You see, I woke up yesterday morning in a state that's left me a little worse for wear. Arguably, not the worst hangover I've ever had, but it appears that the older I get, the more of an effect alcohol seems to have on me. Shit, at 17 I would drink anything I could find and wake up the next day as fresh as an early Spring morning. Nowadays I've had to resign myself to the fact that a few drinks on a Friday night will leave me bedridden until Sunday morning. Such is the inadvertent sacrifice of age.

This got me thinking about what else has changed over the years; where I am now, compared to where I was "then". I've thought upon the miles I must have walked, and where they've ultimately led me and I've realised that it's all too easy to wake up every morning and feel like you're in the same place you've been for years, for no other reason than because you physically are.

Maybe this is because we tend to measure progress in the spatial dimensions; distance travelled, heights climbed and so on. But if you were to sit in the same place for one whole year and devote that time to learning as much as you could, would you be the same person you were 12 months ago? You won't have moved, but I guarantee you'll be a very different person. Albeit, with a bad cramp.

As many of you know, I consider my life to be a journey towards a worthwhile story. My journey over the last year has been a very strange one. I have experienced the absolute heights and depths of my emotional spectrum and as I reach the end of it, there are a few people that I feel I should thank. After all, what makes a journey more than the people you meet whilst you're on it?

So in no particular order, I give the following people my thanks.
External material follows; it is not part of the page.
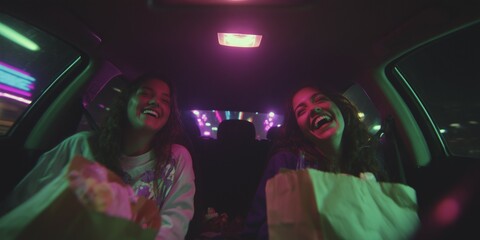 Happy Girls Laughing in Car at Night – Neon Lights and Fast Food Vibes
I thank Jack Freeburn for saving my life, and I thank Matt Pike for being a brother to me in the truest sense. I thank Jacob Dobby for being my best friend for the 17 years that I've known him, and I thank Hannah Lloyd for being that light in my hand that keeps me smiling. I thank Becca Peters for reigniting the creative spark that I thought I had lost a long time ago, and I thank my Ma for making the home I've had all my life. I thank Ben Ross for turning into a brother that I am immeasurably proud of, and I thank Tom Chester for being an older brother in whom I see a strength I hope to one day achieve.

Lastly, I thank Charlotte Kelly. Thank you for being the deepest love of my life for the time that you were in it. Thank you for the times that you tried to understand what I was going through, and thank you for standing by me for as long as you did; you were a saint to do so. For that, you will always be my friend.

I thank anybody that has changed me into the person I am, for better or worse. Some of you were in my life for the briefest of moments, and yet you have had an impact that you will never know.

So to anybody reading this, I ask you to look back at the last 12 months and consider the people who have shaped you. Thank them, because you may feel the effects of their friendships for the rest of your life.

Lastly, consider who you were at the beginning of the year. Are you the same person? I know I'm not.